[Instructions to follow] Only the lines holding "pink" are wanted; find them in the listing and return each one.

Records for the task: Begin

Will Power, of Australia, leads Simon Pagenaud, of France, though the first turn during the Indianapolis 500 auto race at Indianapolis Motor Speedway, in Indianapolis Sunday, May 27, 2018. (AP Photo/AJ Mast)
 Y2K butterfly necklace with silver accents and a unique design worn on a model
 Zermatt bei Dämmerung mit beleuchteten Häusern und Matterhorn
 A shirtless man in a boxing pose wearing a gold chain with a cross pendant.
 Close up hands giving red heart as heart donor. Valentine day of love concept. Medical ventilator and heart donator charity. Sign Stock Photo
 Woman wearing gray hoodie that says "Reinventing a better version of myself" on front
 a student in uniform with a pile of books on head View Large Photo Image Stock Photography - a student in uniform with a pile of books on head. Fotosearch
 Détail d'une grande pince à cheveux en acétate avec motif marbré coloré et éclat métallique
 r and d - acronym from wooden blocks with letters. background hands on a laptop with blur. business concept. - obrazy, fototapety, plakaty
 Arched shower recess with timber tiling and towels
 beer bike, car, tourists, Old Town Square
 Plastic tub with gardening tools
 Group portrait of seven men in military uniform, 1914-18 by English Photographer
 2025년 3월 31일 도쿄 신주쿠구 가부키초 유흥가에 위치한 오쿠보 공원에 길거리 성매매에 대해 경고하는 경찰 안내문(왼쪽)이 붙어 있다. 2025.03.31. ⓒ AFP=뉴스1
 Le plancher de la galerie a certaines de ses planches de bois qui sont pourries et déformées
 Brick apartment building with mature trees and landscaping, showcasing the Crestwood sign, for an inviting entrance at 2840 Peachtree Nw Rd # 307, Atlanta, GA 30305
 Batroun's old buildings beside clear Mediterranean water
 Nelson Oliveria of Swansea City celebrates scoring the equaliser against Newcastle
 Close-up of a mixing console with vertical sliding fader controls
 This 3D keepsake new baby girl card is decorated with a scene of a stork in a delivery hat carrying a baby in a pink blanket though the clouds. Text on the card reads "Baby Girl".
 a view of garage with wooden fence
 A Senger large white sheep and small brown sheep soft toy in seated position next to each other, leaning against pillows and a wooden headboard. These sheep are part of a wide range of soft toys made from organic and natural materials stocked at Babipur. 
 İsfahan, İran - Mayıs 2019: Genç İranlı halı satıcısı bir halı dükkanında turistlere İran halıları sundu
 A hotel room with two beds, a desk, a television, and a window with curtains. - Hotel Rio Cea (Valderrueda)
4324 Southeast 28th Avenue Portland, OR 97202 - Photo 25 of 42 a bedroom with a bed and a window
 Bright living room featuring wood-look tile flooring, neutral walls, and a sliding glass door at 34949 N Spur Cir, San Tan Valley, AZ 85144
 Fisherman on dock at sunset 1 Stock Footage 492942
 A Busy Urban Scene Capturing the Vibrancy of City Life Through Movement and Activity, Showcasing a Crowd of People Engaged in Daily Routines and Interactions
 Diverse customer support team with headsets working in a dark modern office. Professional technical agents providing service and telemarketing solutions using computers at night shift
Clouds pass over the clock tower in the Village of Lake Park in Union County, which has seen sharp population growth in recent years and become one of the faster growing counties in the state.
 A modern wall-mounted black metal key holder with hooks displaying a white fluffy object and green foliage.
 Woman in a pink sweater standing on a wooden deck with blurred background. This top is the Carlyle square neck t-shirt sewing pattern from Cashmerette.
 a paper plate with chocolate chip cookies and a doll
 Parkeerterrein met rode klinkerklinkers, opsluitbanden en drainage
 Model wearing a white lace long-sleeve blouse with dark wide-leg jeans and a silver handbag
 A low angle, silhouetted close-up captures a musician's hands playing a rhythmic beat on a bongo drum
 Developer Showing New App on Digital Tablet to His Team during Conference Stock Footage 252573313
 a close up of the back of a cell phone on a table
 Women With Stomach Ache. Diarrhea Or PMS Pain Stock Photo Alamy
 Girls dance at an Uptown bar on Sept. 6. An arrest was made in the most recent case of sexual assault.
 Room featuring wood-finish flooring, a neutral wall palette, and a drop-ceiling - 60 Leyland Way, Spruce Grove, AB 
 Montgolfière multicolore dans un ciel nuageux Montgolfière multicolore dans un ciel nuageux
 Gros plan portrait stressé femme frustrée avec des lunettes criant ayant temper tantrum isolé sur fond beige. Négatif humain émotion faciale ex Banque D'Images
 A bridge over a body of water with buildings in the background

Records for the task: End

[The answer]
 This 3D keepsake new baby girl card is decorated with a scene of a stork in a delivery hat carrying a baby in a pink blanket though the clouds. Text on the card reads "Baby Girl".
 Woman in a pink sweater standing on a wooden deck with blurred background. This top is the Carlyle square neck t-shirt sewing pattern from Cashmerette.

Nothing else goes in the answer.